Article Categories: Hiking Tips
Article Tags: Climbing

When you’re rock climbing or bouldering, knowing precisely how difficult a particular course is can be the difference between having a great time or being seriously exhausted and disappointed.

While the specific difficulty of any given climb is always somewhat subjective, there are rating systems that can help you choose a climb that will be an appropriate challenge for your skill. The climbing grade system we use in the US is called the Yosemite Decimal System, or YDS.


The Yosemite Decimal System

The YDS is a grading system used to rate the difficulty of climbs in rock climbing, mountaineering, and similar outdoor activities. The system was first developed in the 1950s at Yosemite National Park in California and has since become widely used around the world. It is not the only climb rating system, but it is the one most frequently used in North America.

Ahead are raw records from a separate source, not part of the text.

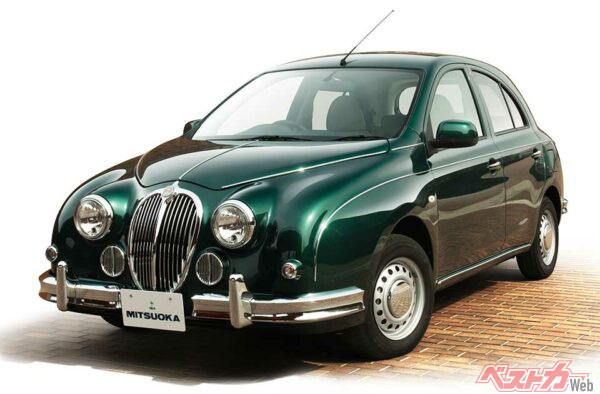 ベースは日産マーチ。エンジンはマーチに準じ1.2L直3を搭載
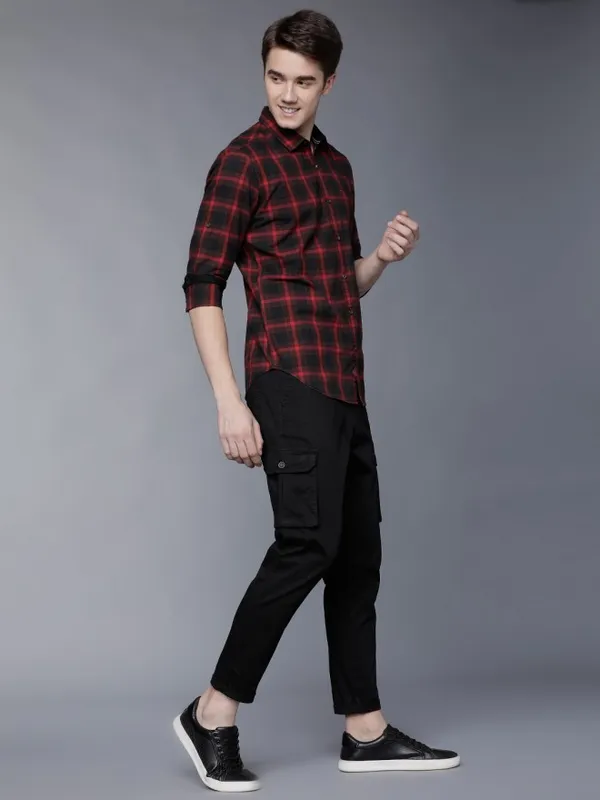  Highlander Men Black Slim Fit Solid Casual Trousers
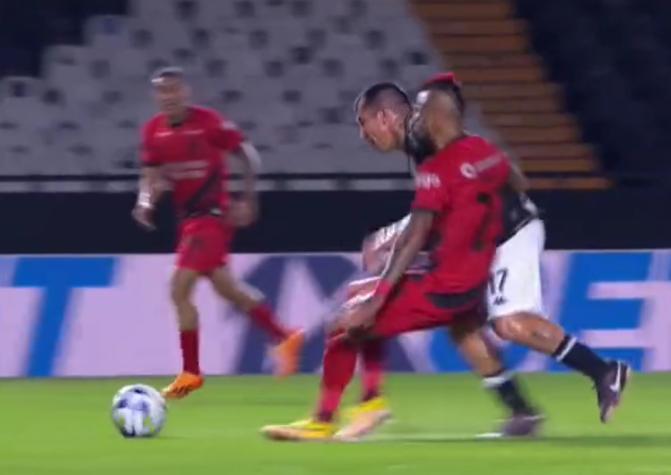 Arturo Vidal vs Gary Medel 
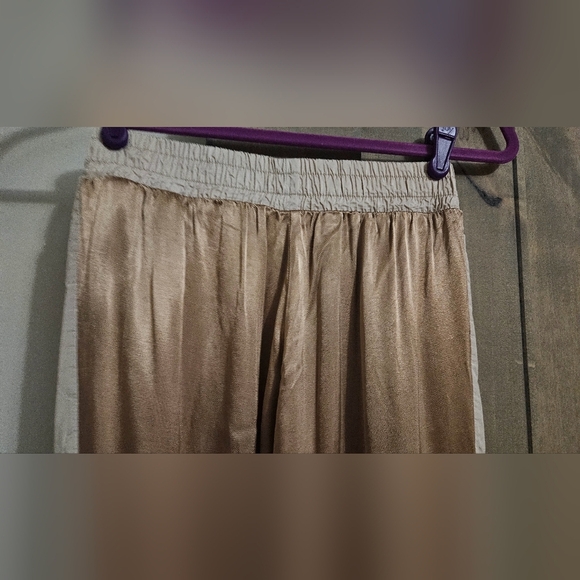ZARA Satin Joggers. Tan with white side panel. Size XS - Picture 10 of 14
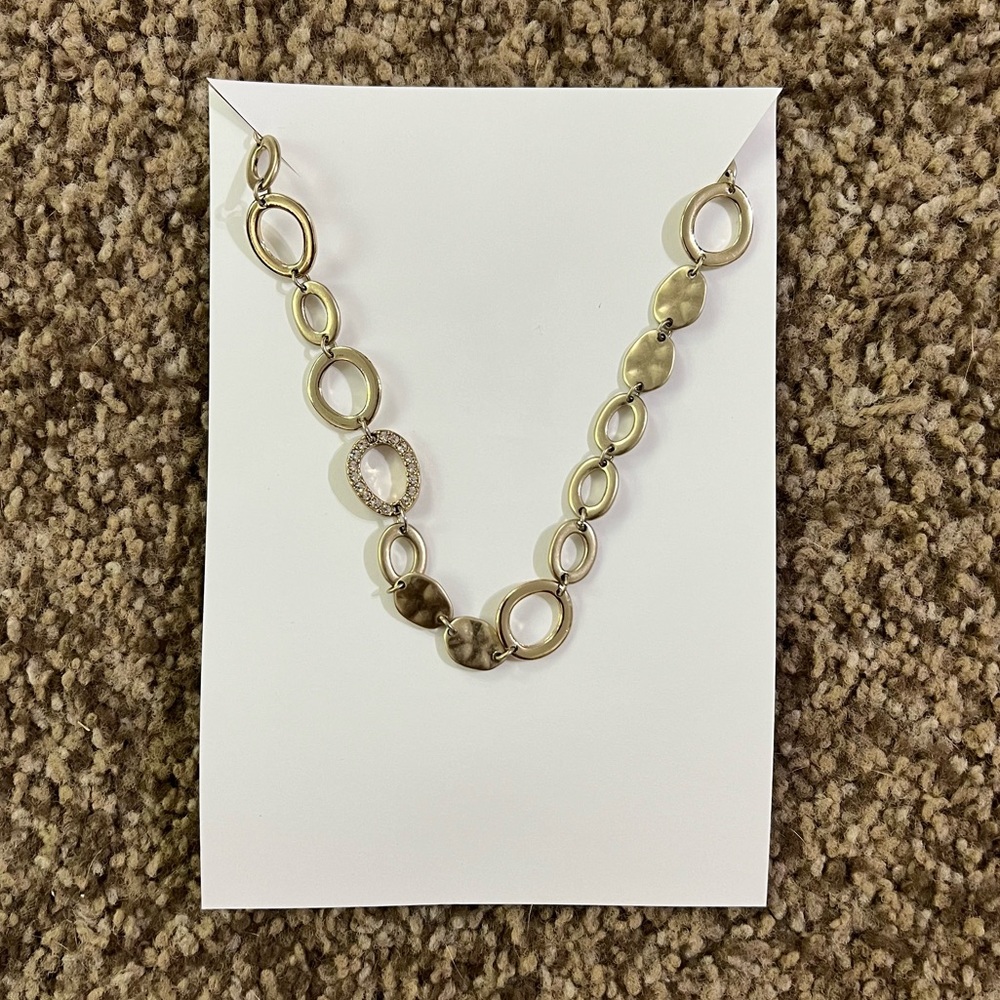 Premier Designs‎ Jewelry Gold Circle & Rhinestone Necklace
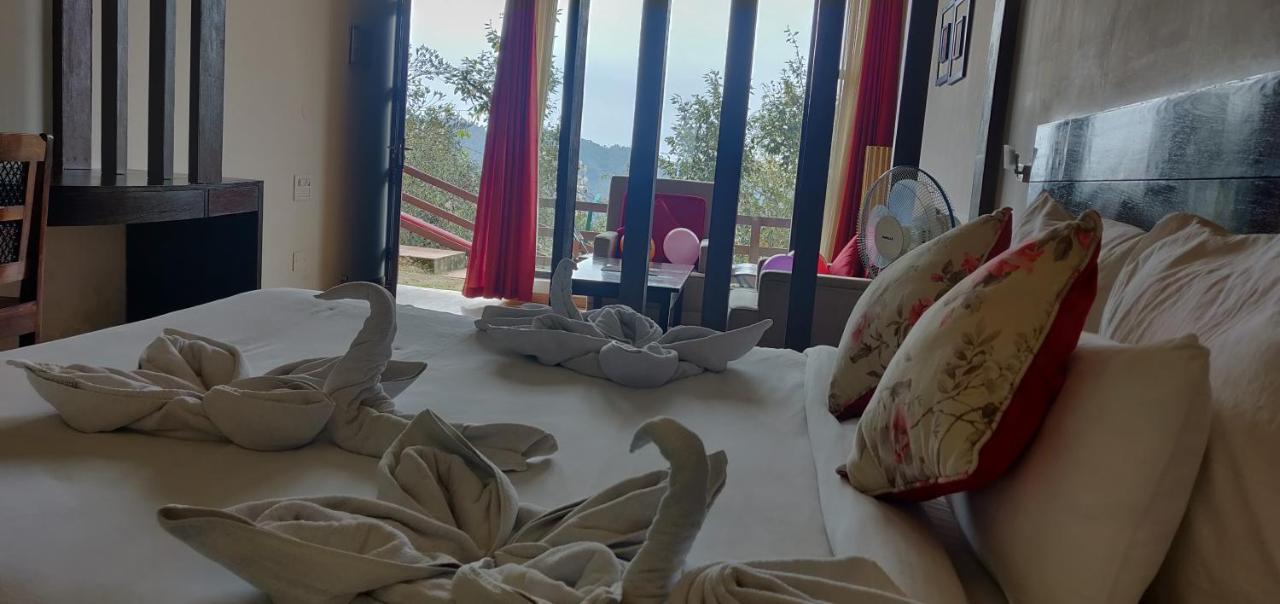 Woodsmoke Retreat Hotel Шимла Екстериор снимка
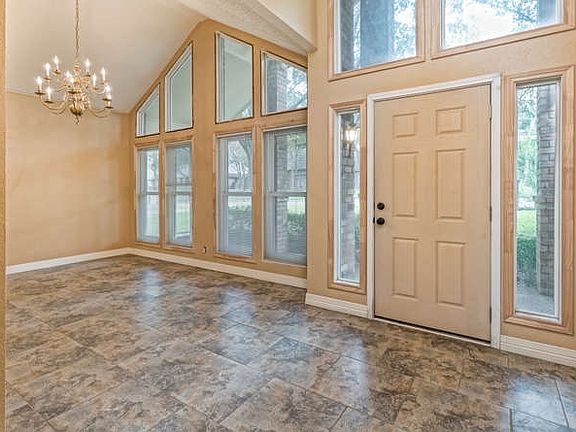 5th image of 9607 Oak Springs Dr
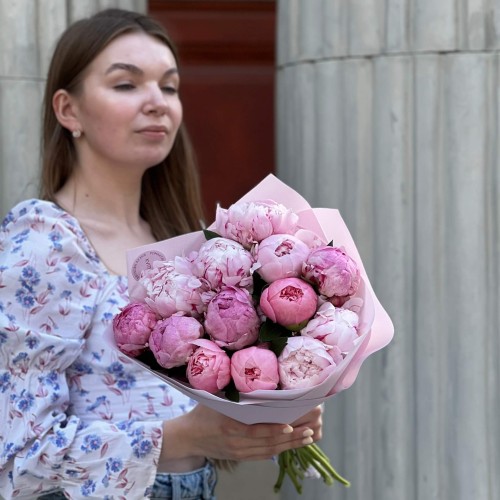 13 рожевих півоній сортів Sarah Bernhardt, Pietertje Vriend Wagenaar та Etched Salmon у букеті «Малиновий коктейль»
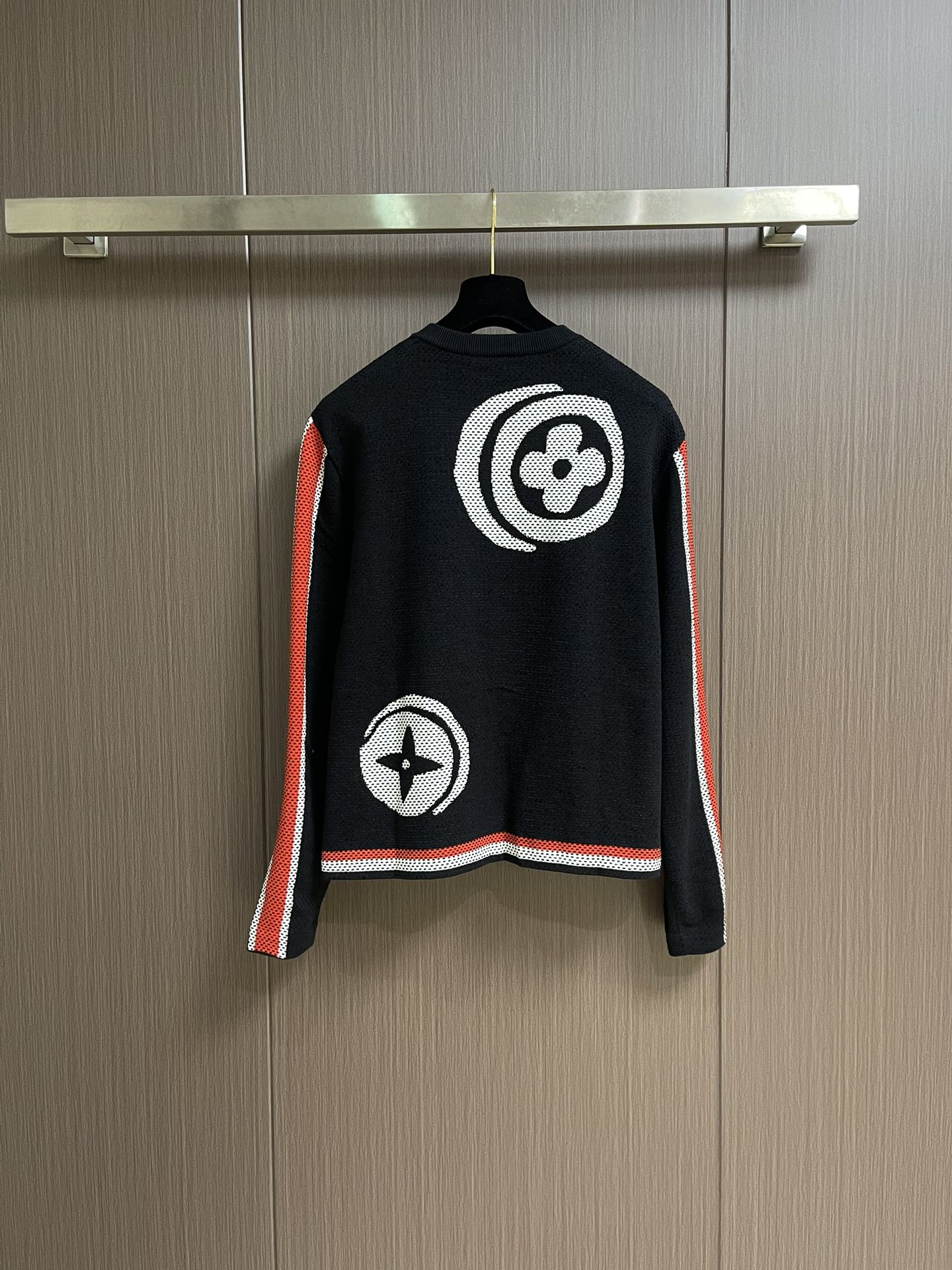 LV x Nigo 波点图案针织外套，采用YB定制进口纯棉面料，亲肤性极佳贴身穿也毫无负担，带来极致的舒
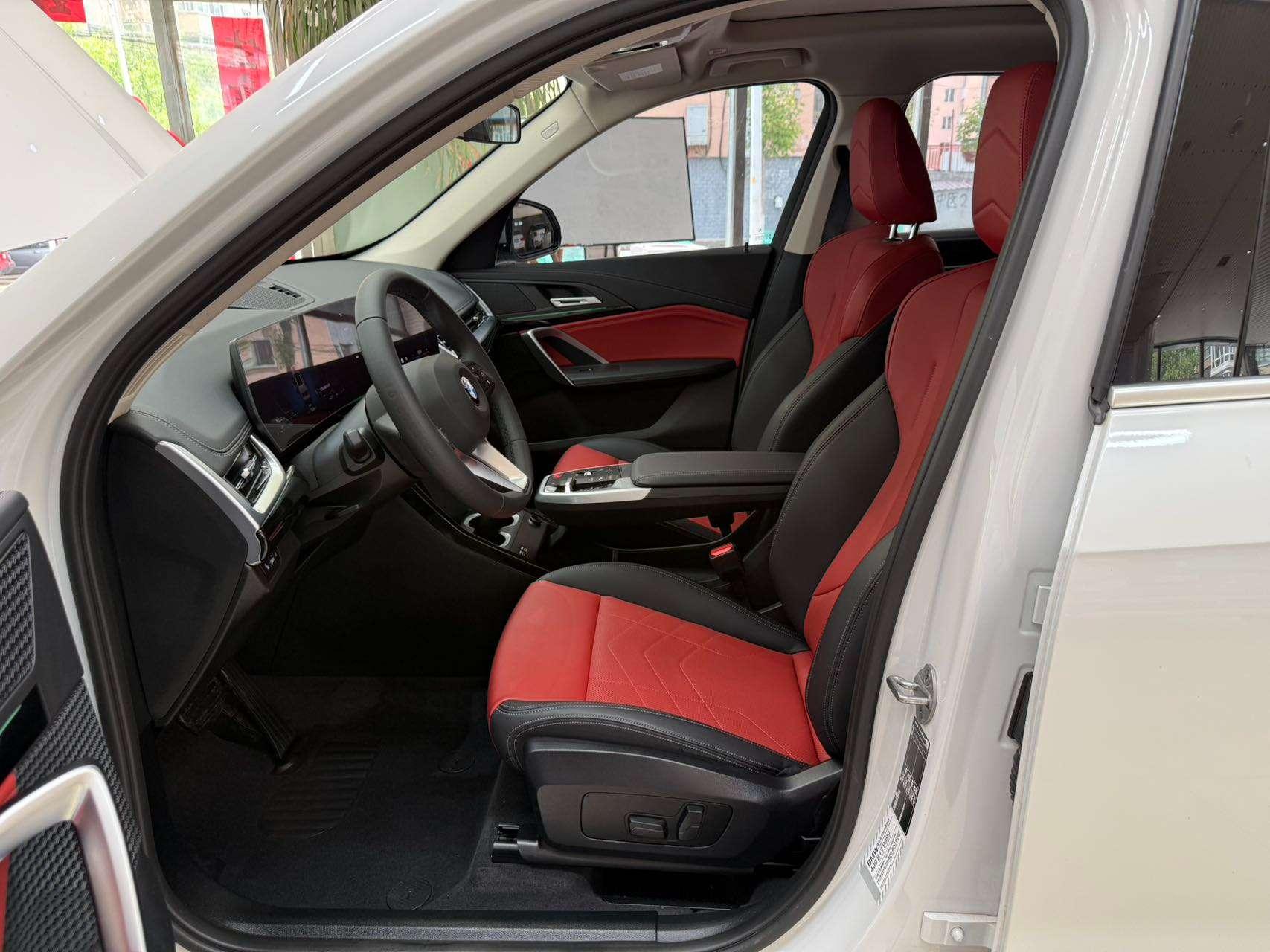 BMW X1 2023, фото 16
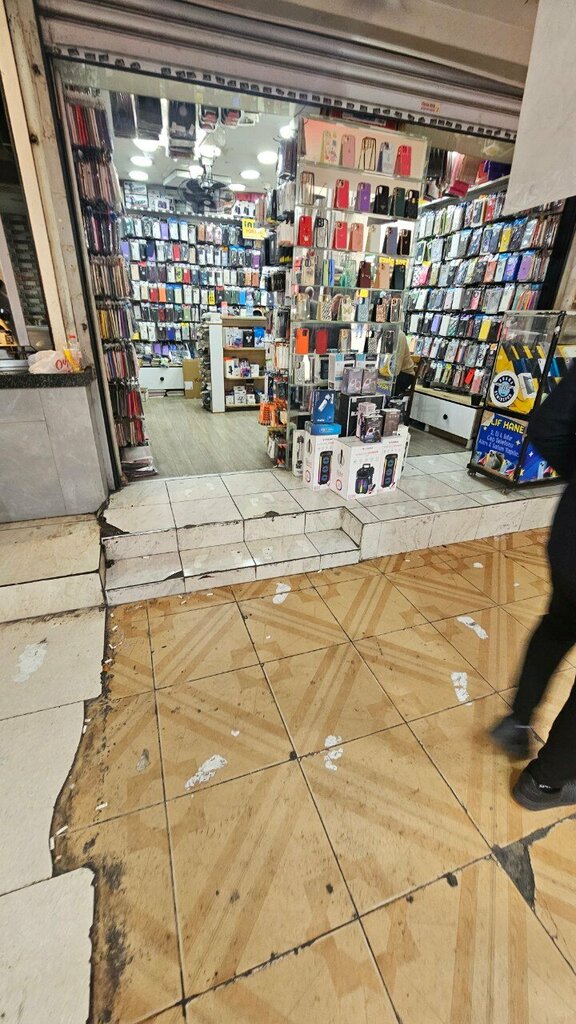 Items for mobile phones Case Kolik, Adana, photo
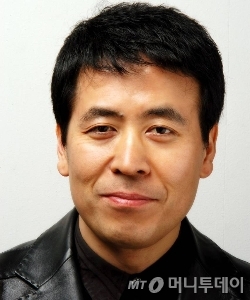 박동우(무대미술가·홍익대 공연예술대학원 교수)
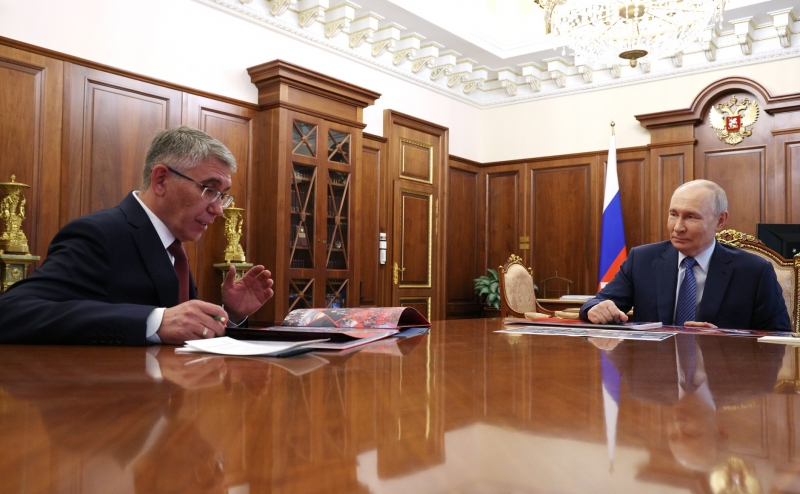 Владимир Путин и Дмитрий Миляев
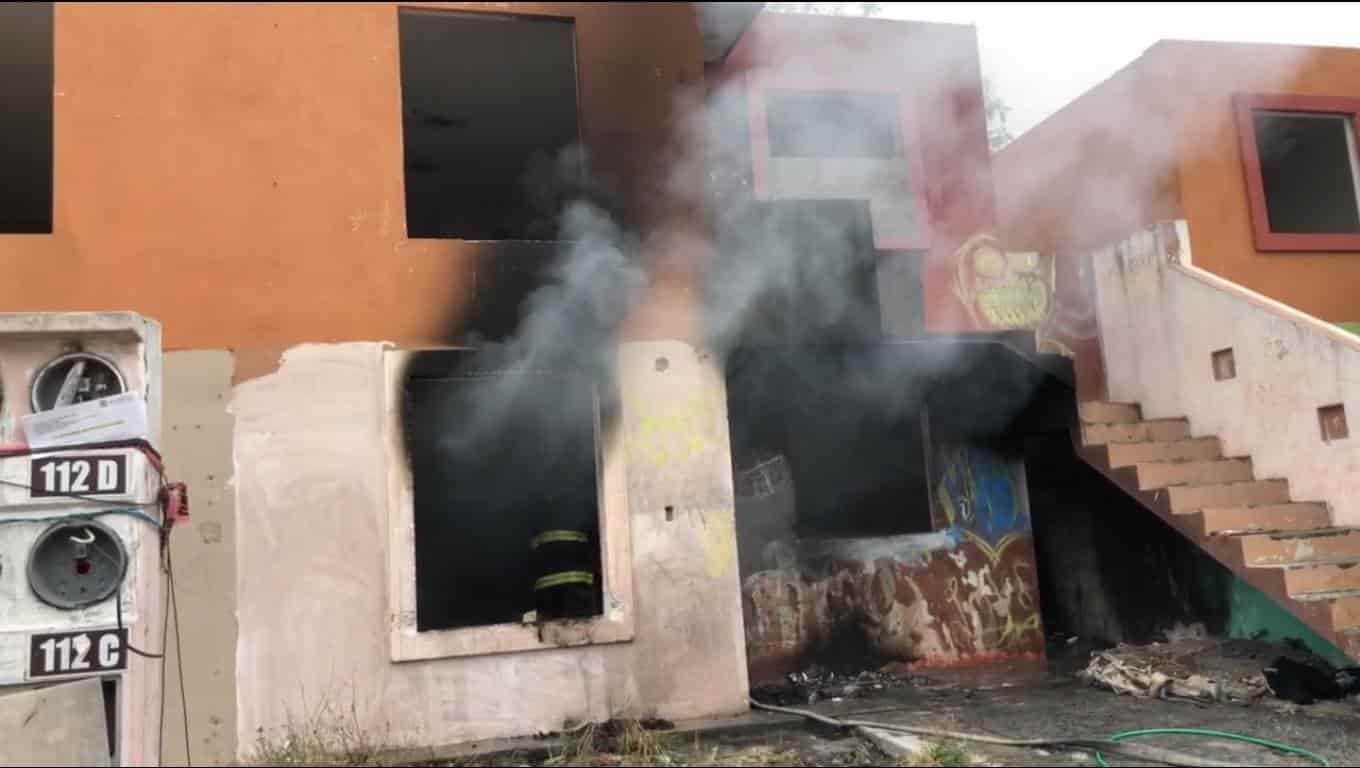 Una familia que vivía como posesionaria en una vivienda del municipio de Cadereyta, perdieron todas sus pertenencias, al incendiarse el condominio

The YDS has two scales. The first YDS scale is primarily used for hiking, and rates routes from 1–5. Routes rated 1–2 are hikes that won’t involve the use of your hands. Class 3 involves some scrambling. In the 4th class, hiking begins to turn into climbing. Once you reach the 5th class, you are getting to vertical or near vertical climbing. Beyond the basic class 5, climbing equipment becomes required.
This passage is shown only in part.